Within this context and given the fact that we're in the process of selecting a database engine for our storage layer, I'm currently evaluating Cassandra and BigTable's variants.

Specifically, I'm trying to understand the difference between using composite partition keys in Cassandra vs. interleaved index keys in BigTable, such as the one GeoMesa uses.

As far as I understand, both these approaches can leverage COTS hardware and can be tuned to reduce hotspotting and maximize space-filling.
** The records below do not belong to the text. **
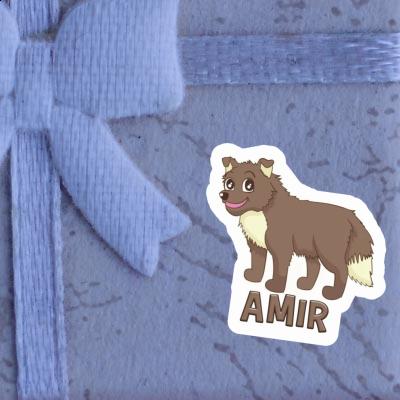 Autocollant Chien Amir Gift package Image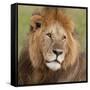 African Lion Male-null-Framed Stretched Canvas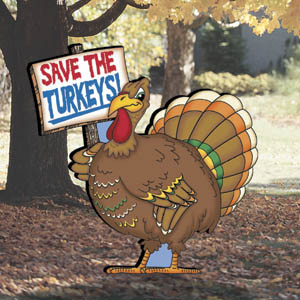 Protesting Turkeys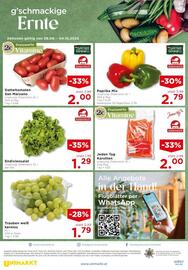 Unimarkt Flugblatt Seite 18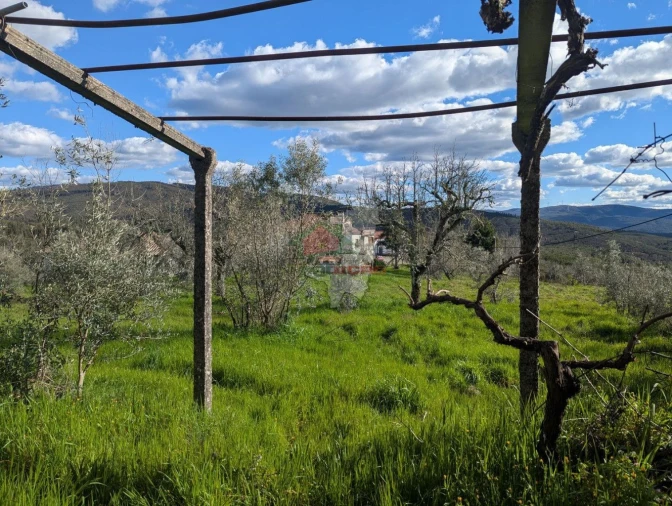 Quinta T4 para Venda em Oleiros-Amieira Foto 43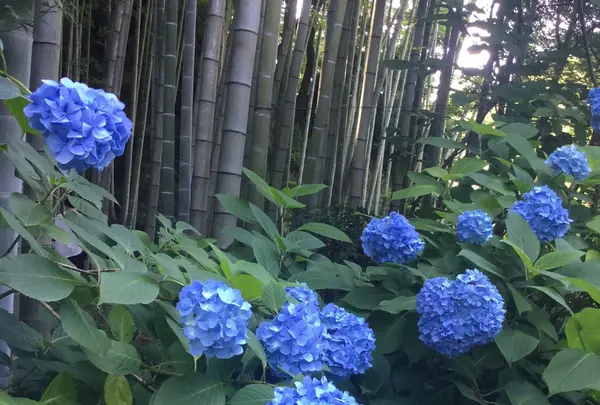 明月院（あじさい寺）の写真・動画_image_204010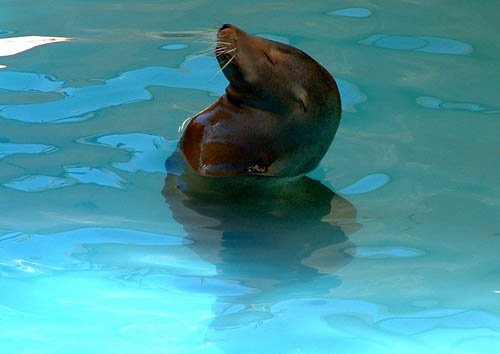 image resting-seal-sea-world-gold-coast-jpg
What are the logical steps I should follow in order to discriminate between the two? Even though I am planning on testing both approaches in the near future, I'd like to hear a more reasoned and educated approach.

Misha Brukman
  • 12,938
  • 4
  • 61
  • 78
Jacoscaz
  • 159
  • 1
  • 7

1 Answers1

-1

GeoMesa actually supports both BigTable clones like Accumulo and Cassandra. The Cassandra support, at the time of writing, is currently in an early phase. The README has a description of the indexing scheme.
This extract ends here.